A copy of the letter was sent out by Citizens for a Pro-Business Delaware, a group  pushing an agenda that includes more diversity on the high court. Chief Justice Leo Strine is stepping down, a move that will create a vacancy.

The group’s actions have come under attack from State Bar Association President William Brady, who claims that the group is a front for disgruntled litigant Philip Shawe who remains upset with Chancery Court over the battle for the translation services firm.

The group drew the ire of the Bar when it launched attack adds against Chancellor Andre Bouchard.  

September 26, 2019

The Honorable John Carney 
Governor of the State of Delaware 
Carvel State Office Building 
820 N. French Street, 12th Floor 
Wilmington, DE 19801

Re: Appointment to the Delaware Supreme Court 

Dear Governor Carney:

On behalf of the Multicultural Judges & Lawyers Section of the Delaware State Bar Association, the South Asian Bar Association of Delaware, the Delaware Hispanic Bar Association, and the Delaware Barristers Association, we urge you to consider racial and ethnic diversity when making the next appointment to the Delaware Supreme Court. Specifically, we strongly encourage you to take diversity into account when considering the composition of the Delaware Supreme Court. 

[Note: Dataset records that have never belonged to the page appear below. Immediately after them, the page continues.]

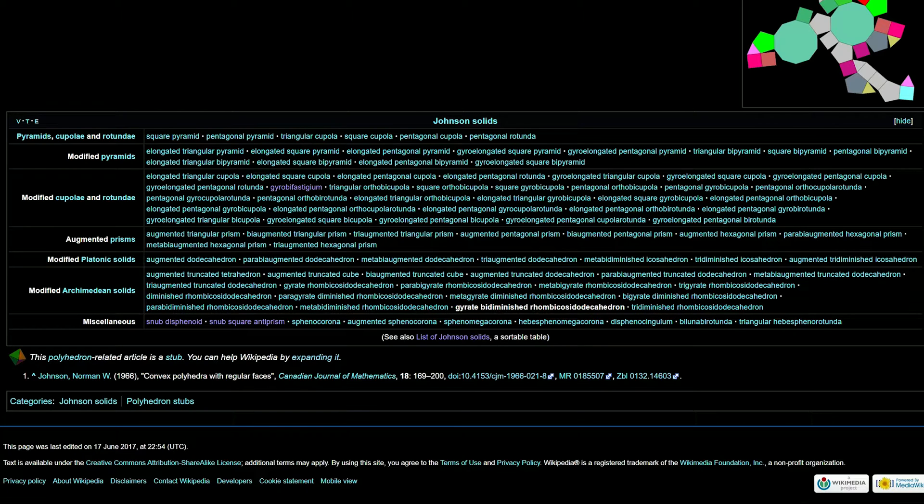Elongated triangular orthobicupola. Elongated triangular gyrobicupola. Elongated square gyrobicupola. Elongated pentagonal orthobicupola. Elongated pentagonal orthocupolarotunda. Elongated pentagonal gyrobirotunda. Elongated pentagonal orthobirotunda. Elongated pentagonal gyrobirotunda.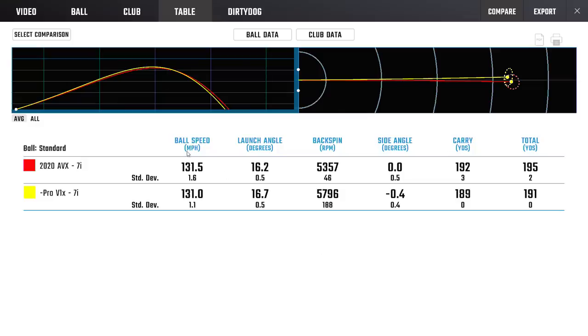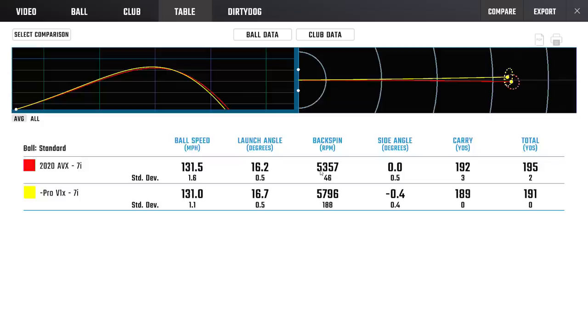On the 7-iron, we saw something very similar to what we saw with the Duo and the Pro V1 — in the mid-irons, ball speed levels out and is basically the same. AVX had a slight bump, but you can start to see spin separation appearing at around 450 RPMs. The Duo was a super low spin ball; the AVX is more of a mid-spin ball. The Left-Dash is inching its way up — it has picked up some really good short game spin but is still very low spin in the mid-irons, which is what people are buying it for.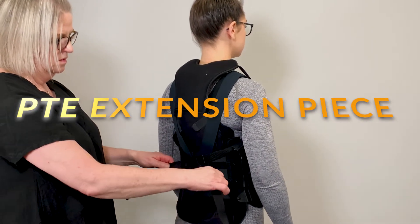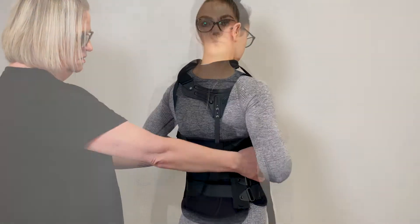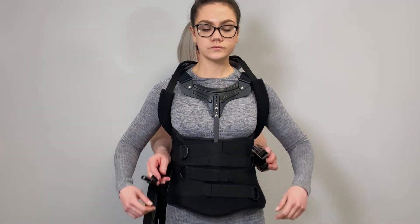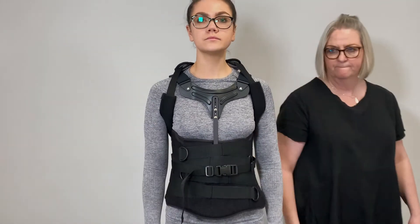If the brace requires a PTE, bring the padded straps over the patient's shoulders and back under the arms. Cross the straps behind the back and bring them around the front of the brace and secure with the buckle.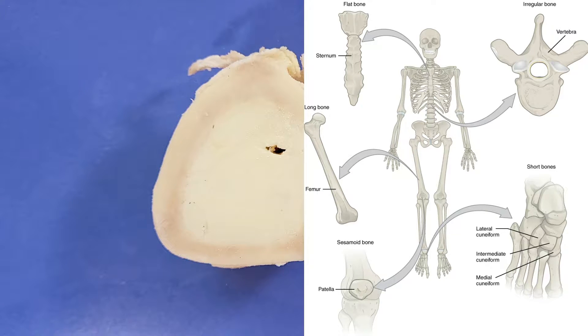There are other types of bones as well. For example, the bones in your skull are called flat bones.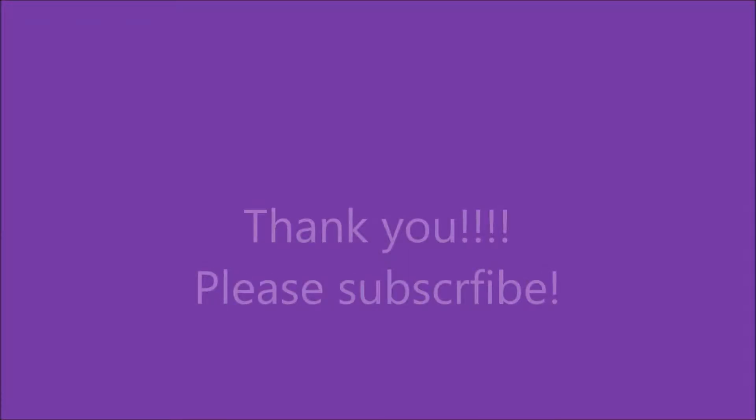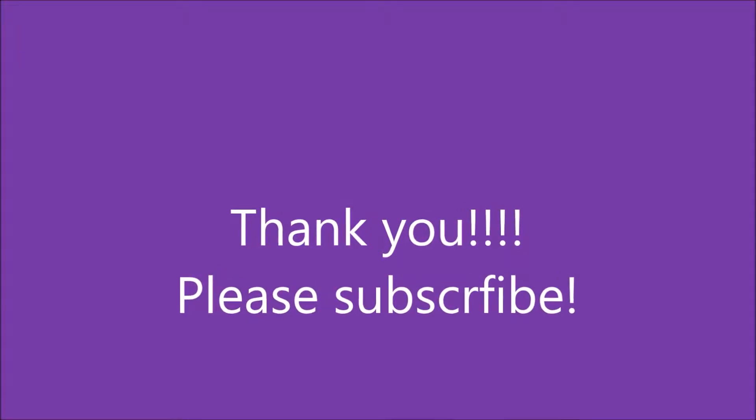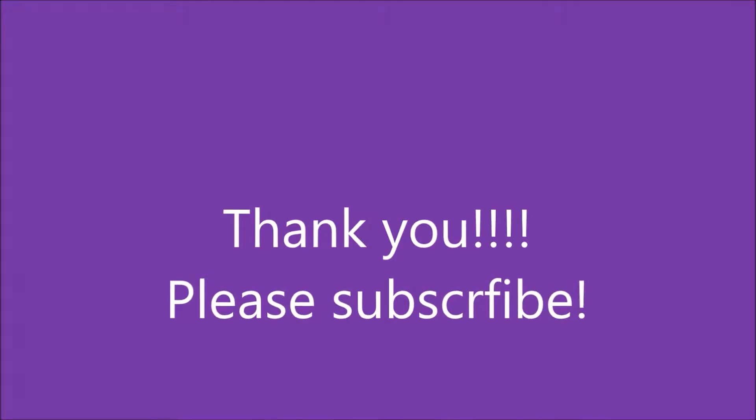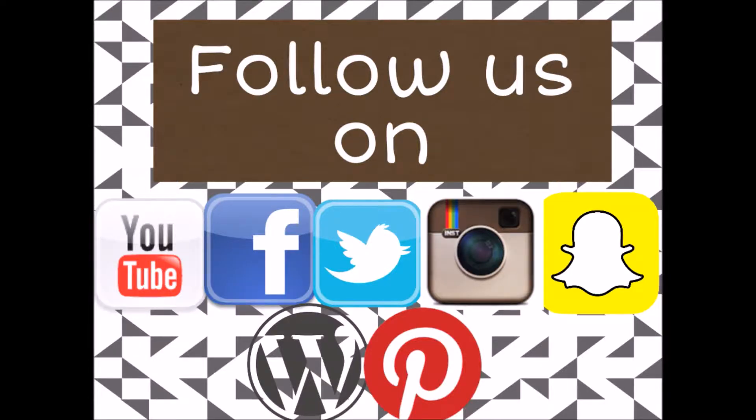I want to thank you so much for watching this video and taking the time out of your day. I hope you subscribe so you can see whenever I post a new video. We're also on Facebook, Twitter, Instagram, Snapchat, and Pinterest, and I have a blog where I post different topics. I'll be posting all those links in the description below.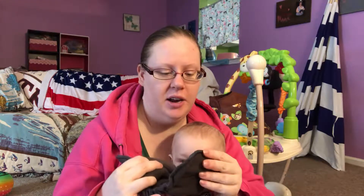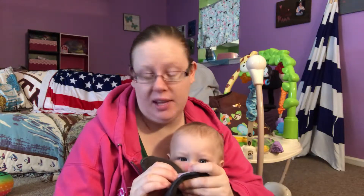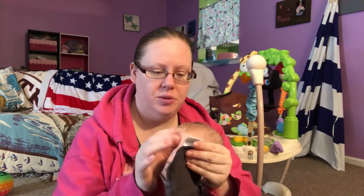Hi, this is Patience and Julian's baby product reviews. Today we're going to talk about this charcoal bamboo diaper insert. The brand is VLOKUP — the VLOKUP diaper insert.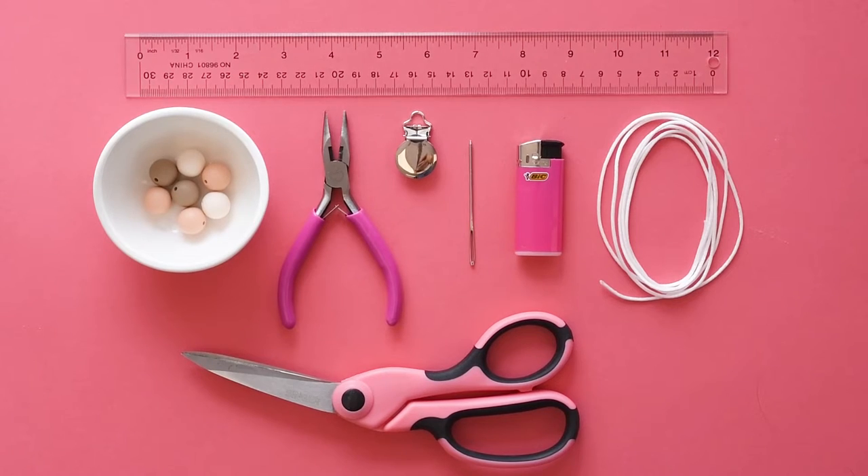The supplies you're going to need are: one silver round metal clip, one 60-inch regular length of cord, seven 15-millimeter silicone beads of your choice, scissors, a lighter, a ruler, pliers, and a needle.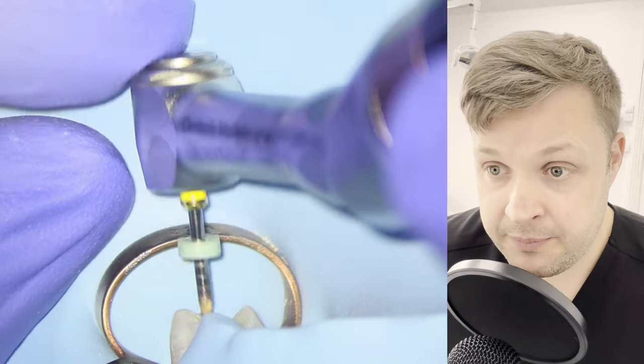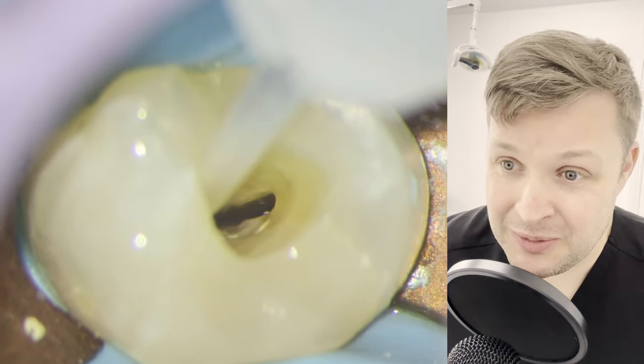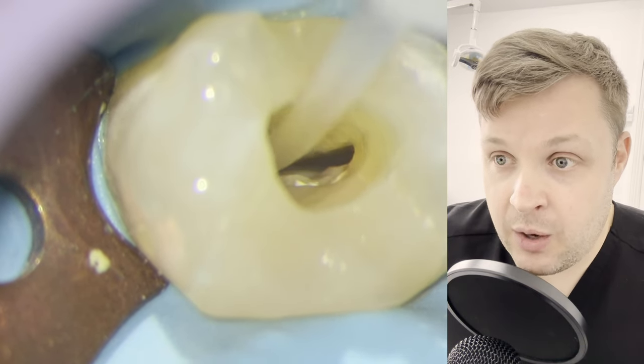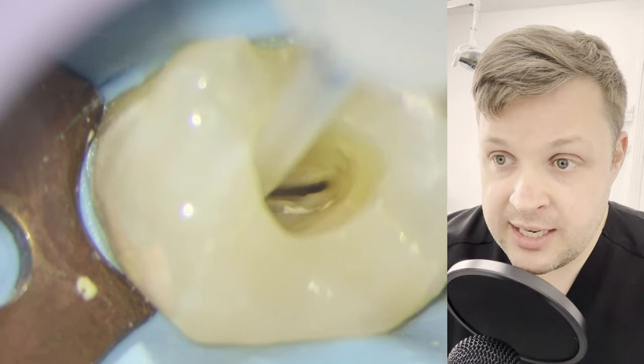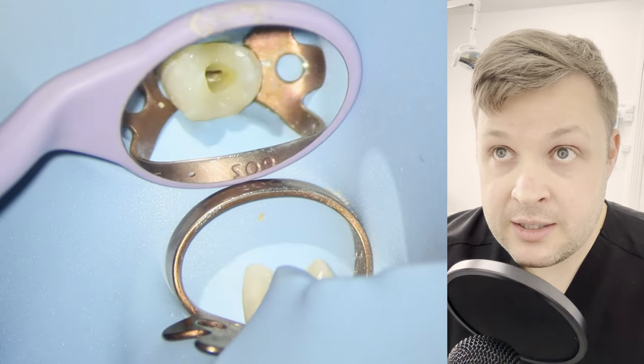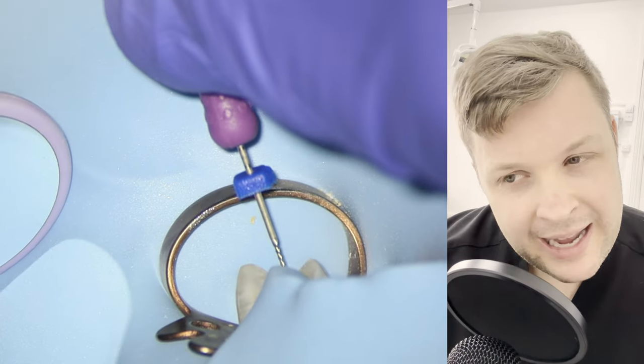What I'm checking now is whether the canals are connected, so I'm just using the hypochlorite. There's a suggestion that they might be connected, but I'm not entirely sure. So once I've shaped the buccal canal, I'm also going to shape the palatal canal.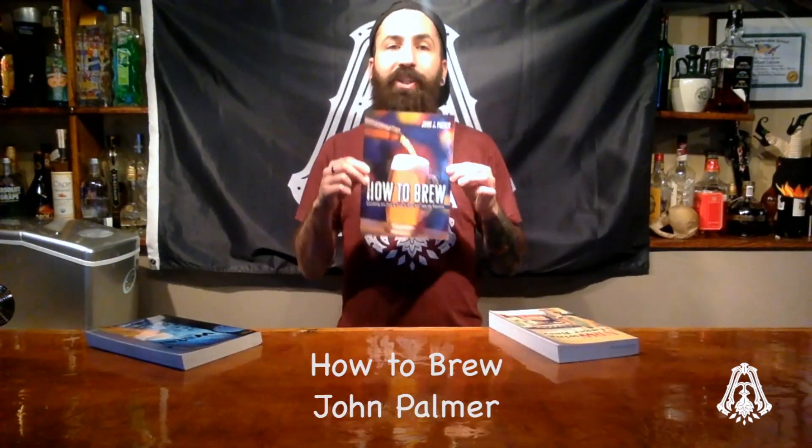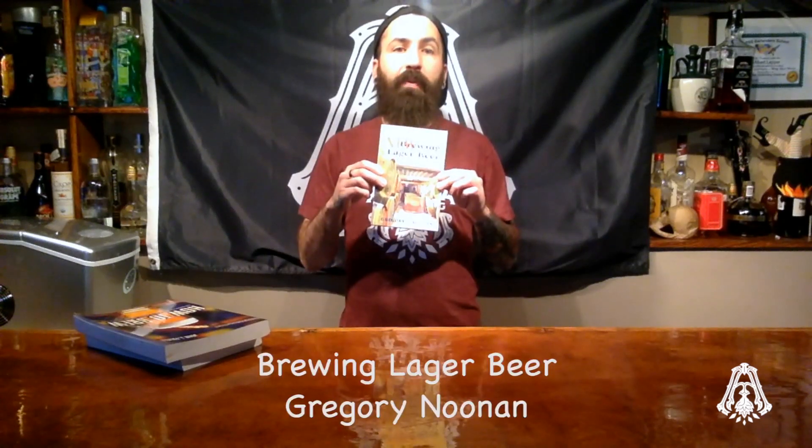Have I dumped beers that were not up to par? Absolutely. This is part of the business. If you're interested in learning more about water, pick up the following books: Water by John Palmer and Colin Kaminsky, How to Brew by John Palmer, and Lager Brewing by the legend Gregory Noonan. These are the first stepping stones you can take to making your best beers.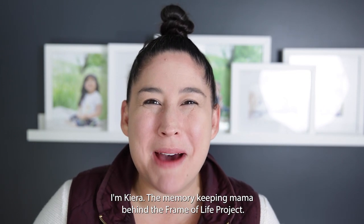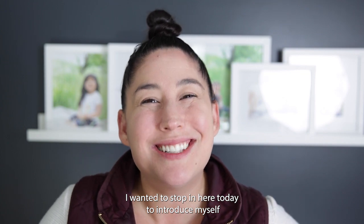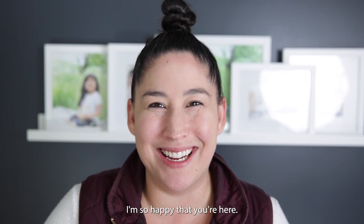Hi guys, I'm Kiara, the Memory Keeping Mama behind the Frame of Life Project. I wanted to stop in here today to introduce myself and say welcome to the Holiday Photo Gift Workshop. I'm so happy that you're here.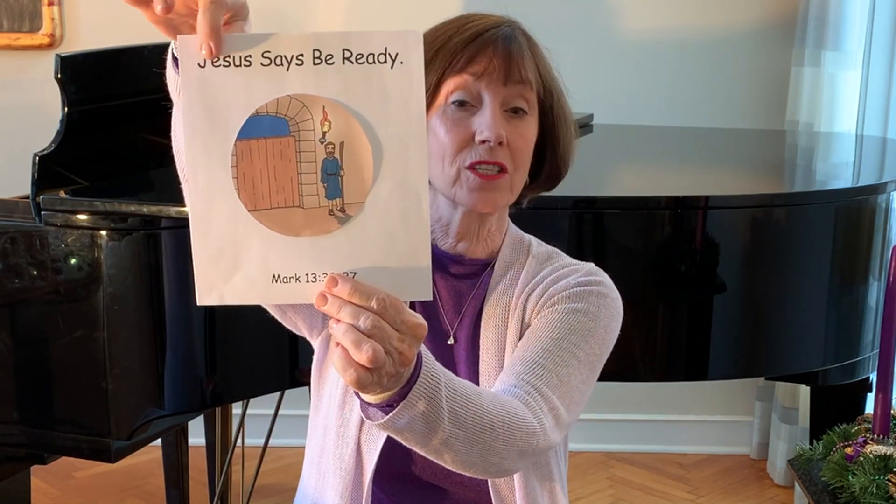In this picture, we see a soldier or a guard standing watch outside a door. We'll learn today that we should always be just as alert as a guard, waiting in joyful hope as we prepare for the coming of Jesus Christ. Jesus says, be ready. So let's learn more about what it is we're getting ready for by seeing what's in the Bible bag today.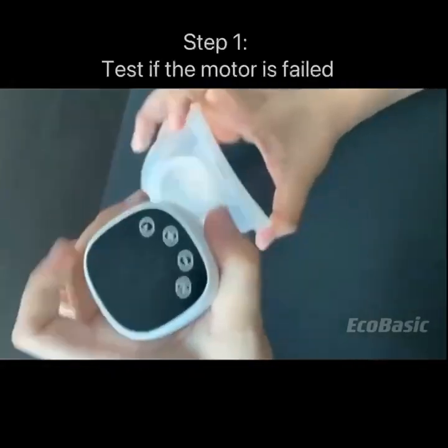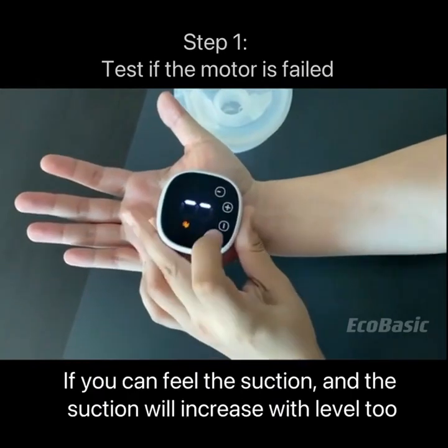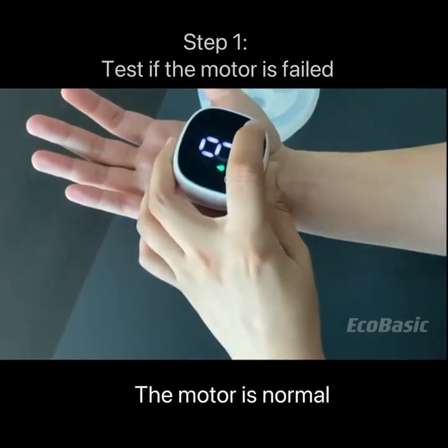Step 1: Test if the motor has failed. Put it on your hand and feel the suction. If you can feel the suction, and the suction will increase with level 2, the motor is normal.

The mission of our respective organizations is, in part, to support the interests of attorneys, judges and members of the community from diverse ethnic backgrounds. We are dedicated to cultivating and improving diversity in the legal field. Advocating for increased diversity and inclusion strategies within our profession, including those that affect our highest court, is, collectively, one of our highest priorities. 

As we are sure you know, a diverse bench is important for maintaining public trust and confidence in the judiciary and our elected officials. We acknowledge that Delaware’s Supreme Court has made strides with respect to diversity related to gender, socio-economic background, political affiliation, and practice areas. We must note, however, that since its inception in the State Constitution of 1792, the Delaware Supreme Court has never included a person of color. The minority population of our state is approximately 38%f, making Delaware one of the most racially diverse states in the country. Yet, our highest Court fails to reflect the diversity of the communities it serves, as well as the individuals and businesses that appear before it. 

In July 2019, you penned an Op-Ed for the Delaware News Journal highlighting the “progress on the issues Delawarecares about” since you became Governor in 2017. Like those issues, the racial makeup of the highest court in our state is absolutely an issue that we, and you, should care about. Since Chief Justice String announced his retirement there have been several articles that discuss this issue. We call upon you as our Governor, who represents all of the people of our state, and is the appointing authority for judges in Delaware, to ensure that the highest State Court becomes racially and ethnically diverse. There is no shortage of well-qualified candidates of color. Now is the time. 

If you would like to set up a meeting to further discuss this issue, we welcome the opportunity to dialogue on this matter. 

Respectfully yours,

Kiadii S. Harmon 
Chair, Multicultural Judges & Lawyers Association of the DSBA

Faiz Ahmad 
President, South Asian Bar Association of Delaware

Tabatha L. Castro 
President, Hispanic Bar Association 

Oderah C. Nwaeze 
President, Delaware Barristers Association”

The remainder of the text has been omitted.